第4回 アリを見るように、人間を見ている?

第5回 しあわせな社会って、実は、何だろう?

第6回 私には、実験が必要です。

第7回 最終的にはやっぱり・・・。

第8回 動機の源は・・・?


※さあ、今回は、
 社会心理学の山岸俊男さんと
 darlingの対談の最終回になりますよ〜。
 ・・・その前に、その前にっっ。
 昔の山岸さんの教え子さんから
 メールが届いたんだよー。
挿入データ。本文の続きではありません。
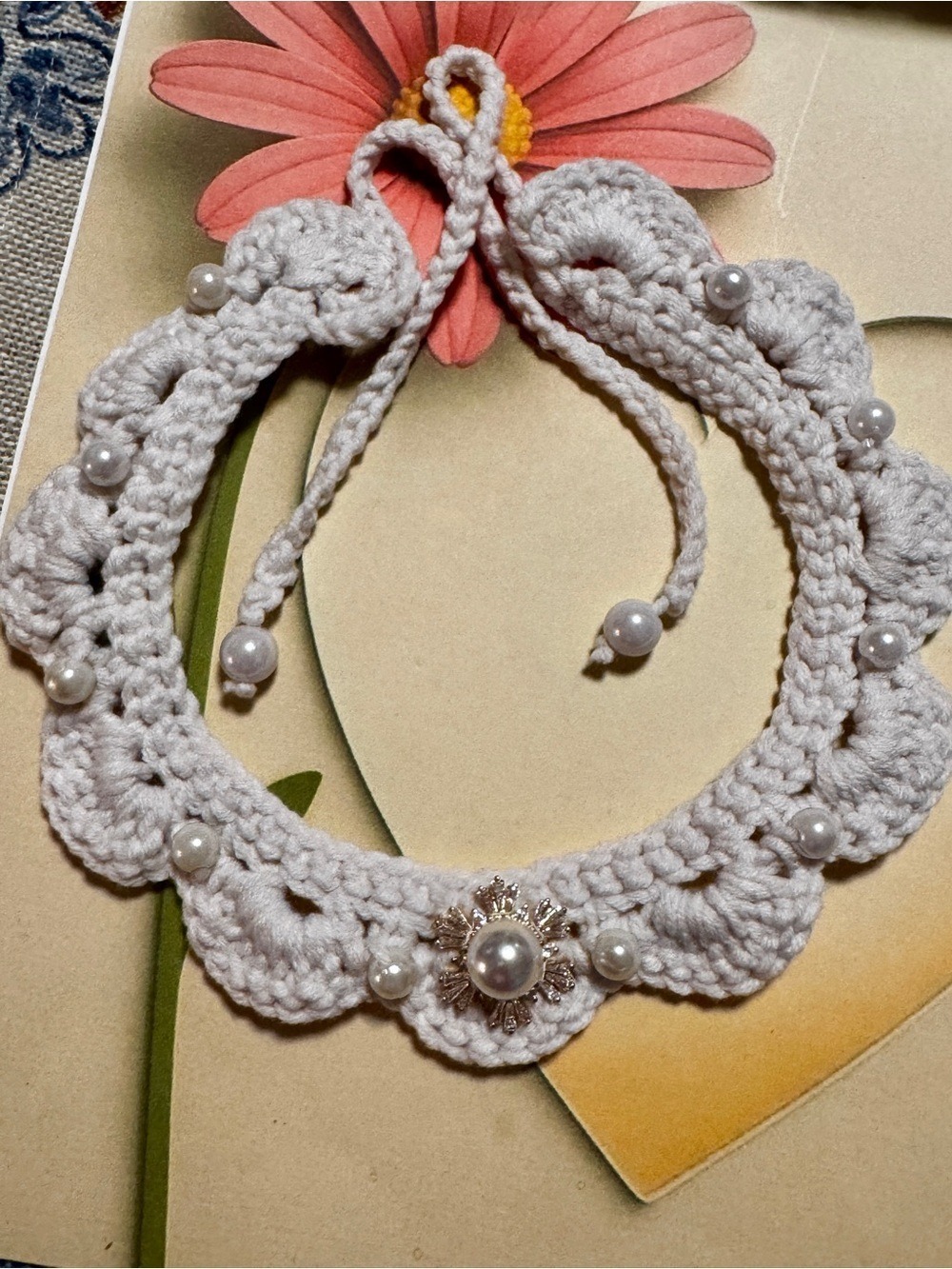 Handmade White Crochet Pearl Collar Necklace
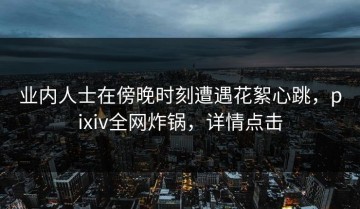 业内人士在傍晚时刻遭遇花絮心跳，pixiv全网炸锅，详情点击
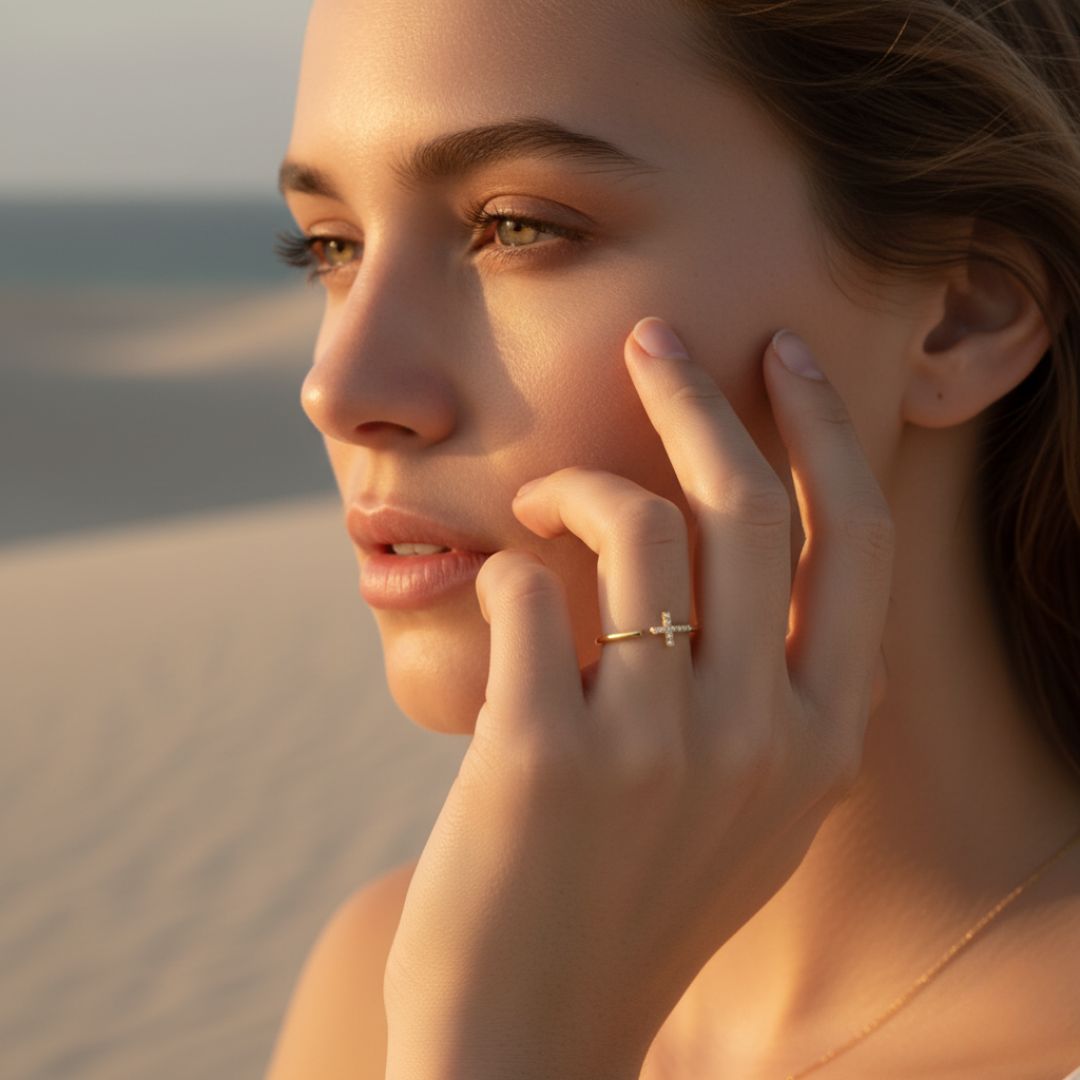 Elegant Open Cuff Ring - Sideways Cross Design in Gold Plating, Hypoallergenic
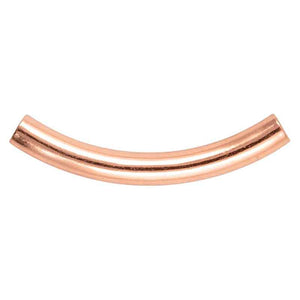 Metal Beads-26x3.2mm Curved Tube-Copper Plate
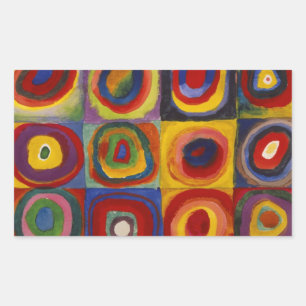 Kleuronderzoek van vierkantscirkels rechthoekige sticker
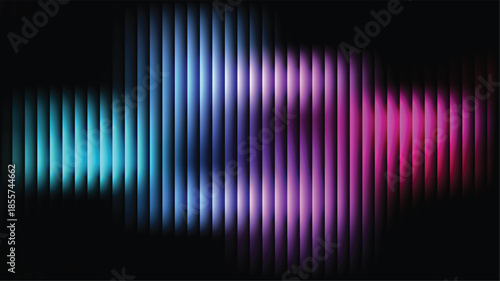 Neon ripple glass gradient on deep midnight. Sharp ribbed distortion, cinematic glow; futuristic texture background, vector illustration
まずはお届け。

>今日メールしたのは、
>糸井さんと対談していた
>山岸先生を発見したからでした。
>私は、10年も前に山岸先生のゼミにいた学生で、
>先生のファンでありました
>(先生は知らないと思うけど)。
>私が、毎日ポーっとながめている
>「ほぼ日」に突然、先生が登場したので
>近所でスッピンのまま歩いていたら
>偶然にも初恋の人と出会ったように、
>うれしくちょっと恥ずかしい感じがしたのでした。
>
>そして相変らずの山岸先生で
>なんだかうれしくなってしまいました。
>
>学生の頃、授業の合間に
>先生とコーヒー飲みながら
>雑談するのが好きだったのですが、
>何の話題からそうなったのかわからないのですが、
>「コンプレックスを持っている人間の方が魅力的だ」
>と先生がおっしゃっていたことを、
>コンプレックスだらけの私は
>10年も経った今でも大切に覚えているのです。
>
>こんなこと、先生には
>とても直接言えないんですけど。
>ほぼ日でなら言えてしまう。
>不思議な魔力ですね。
>
>いやー。ホント山岸先生との対談、
>うれしかったです。ありがとうございました。
>
>kayokayo

 いい話じゃないの〜っ!!!
 読んで下さっている人も、このメールで、
 山岸さんが、どんな感じか、わかるよね?
 そんな人なんだよ。

 では今日の対談に参りますよ。
 darlingとふたりで第2回に盛り上がっていた
 組織論についての話から、はじまります。
 人がものごとを行う動機について、
 話題は少しずつ移行してゆくの。
 では、どうぞ。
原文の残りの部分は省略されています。